Task material>
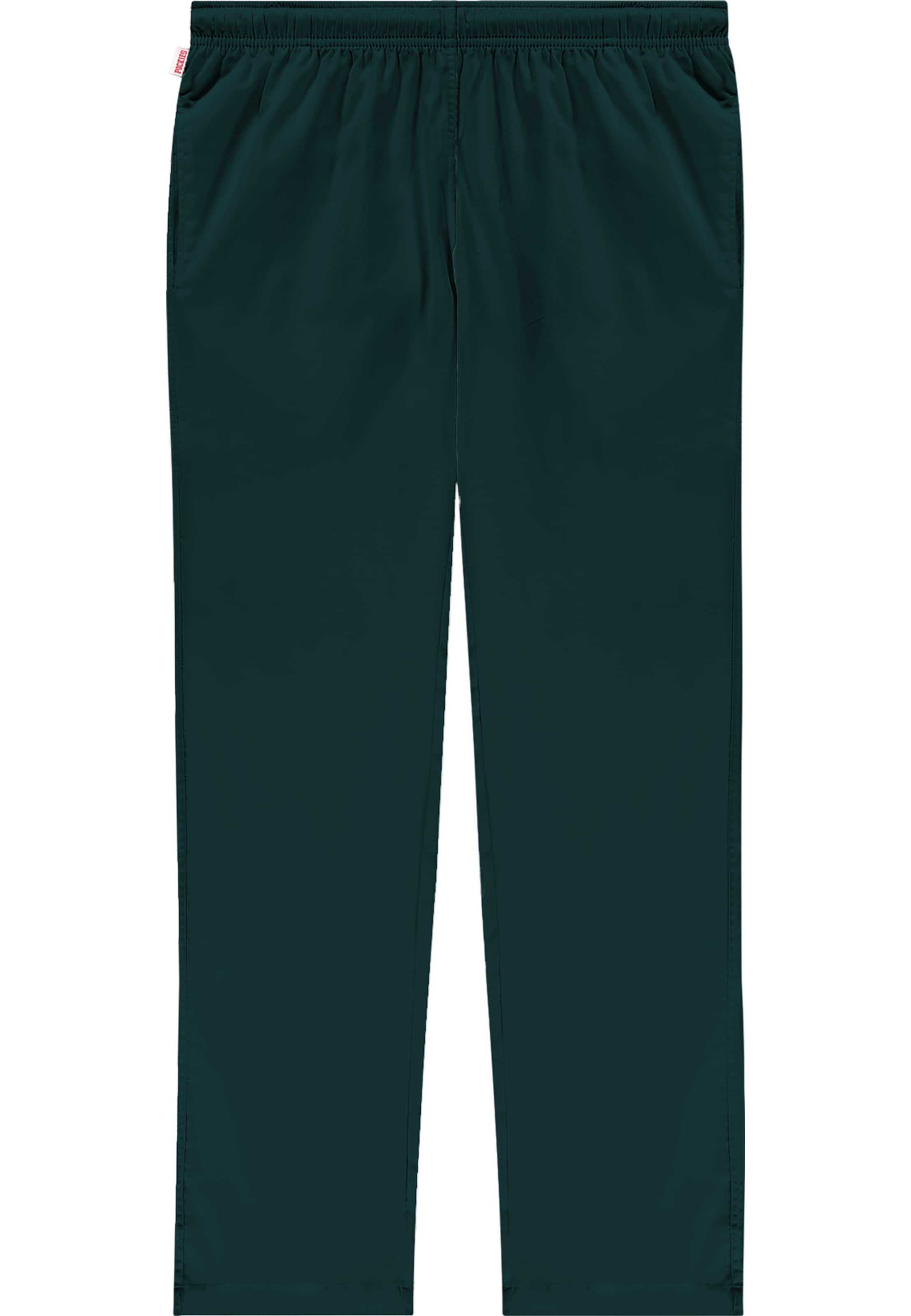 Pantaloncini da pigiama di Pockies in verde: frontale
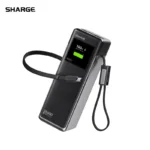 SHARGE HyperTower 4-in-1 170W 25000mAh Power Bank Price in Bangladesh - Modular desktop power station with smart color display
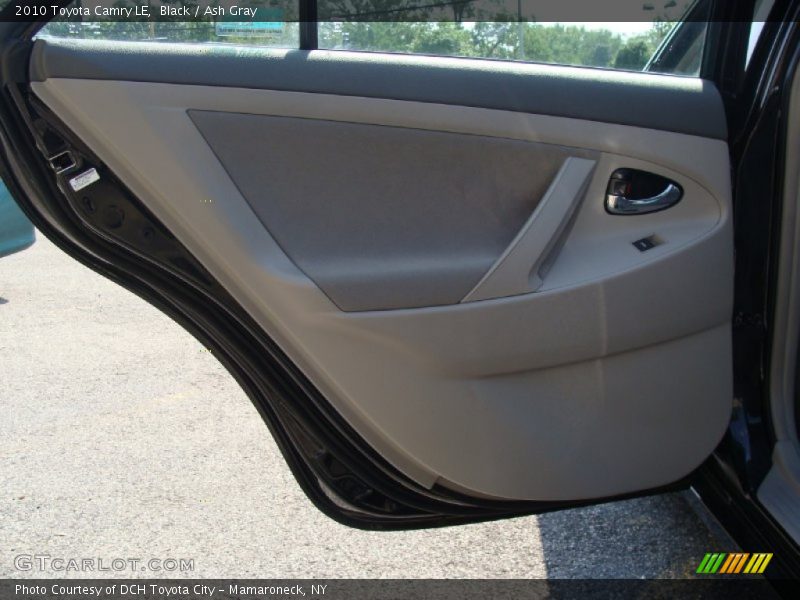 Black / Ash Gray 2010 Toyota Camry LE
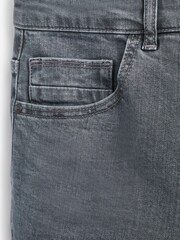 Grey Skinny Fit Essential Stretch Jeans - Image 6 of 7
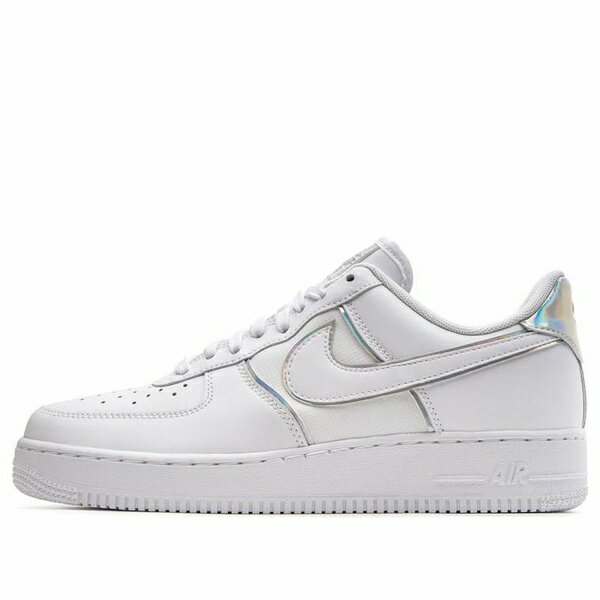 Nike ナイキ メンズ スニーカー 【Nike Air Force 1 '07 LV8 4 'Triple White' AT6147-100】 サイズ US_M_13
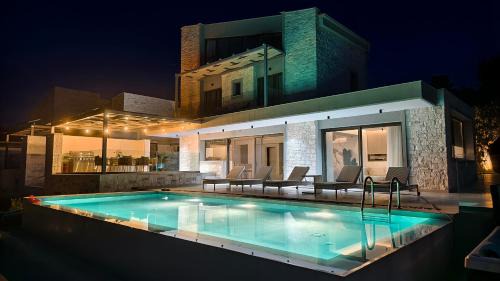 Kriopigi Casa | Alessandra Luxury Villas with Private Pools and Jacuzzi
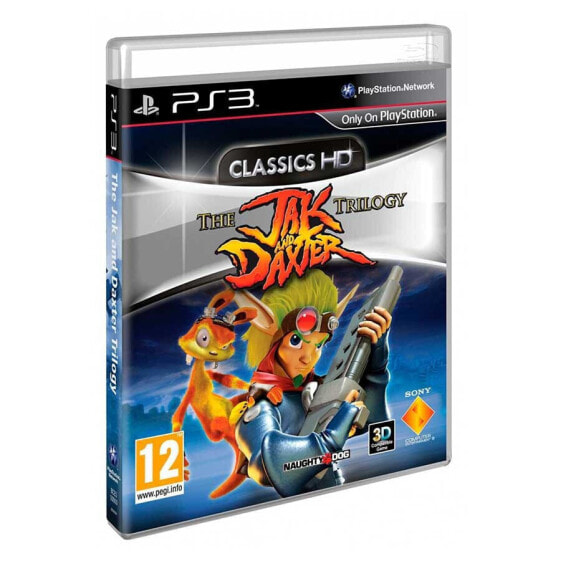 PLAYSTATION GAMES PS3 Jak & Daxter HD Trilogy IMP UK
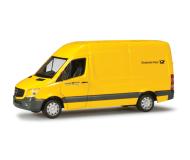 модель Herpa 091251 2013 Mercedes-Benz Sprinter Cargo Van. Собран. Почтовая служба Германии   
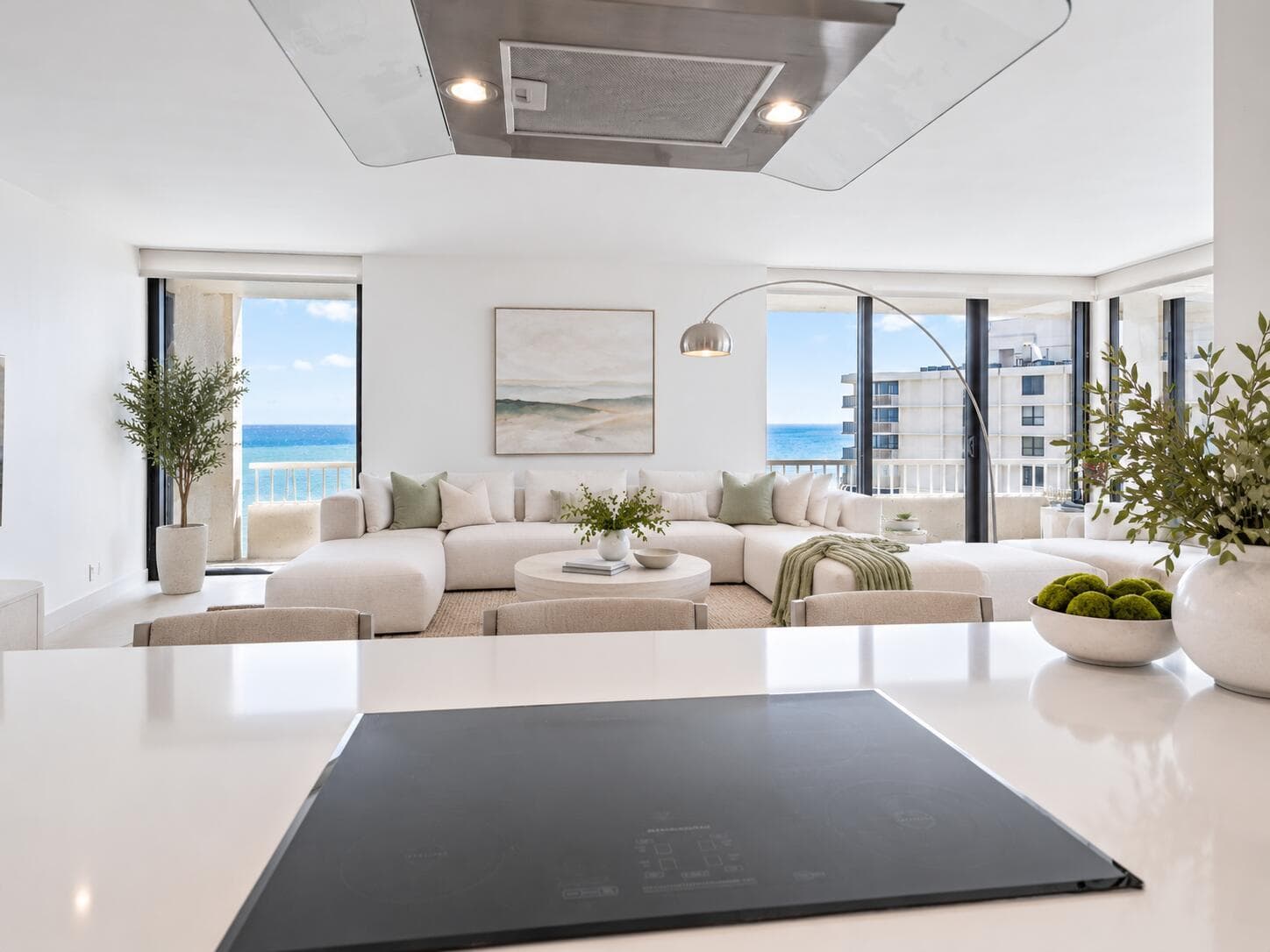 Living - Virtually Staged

Task brief> Leaving every picture out, return the lines from the one containing "модель Herpa 091251" through the last line of the records exactly.

Solution for this problem>
 модель Herpa 091251 2013 Mercedes-Benz Sprinter Cargo Van. Собран. Почтовая служба Германии   
 Living - Virtually Staged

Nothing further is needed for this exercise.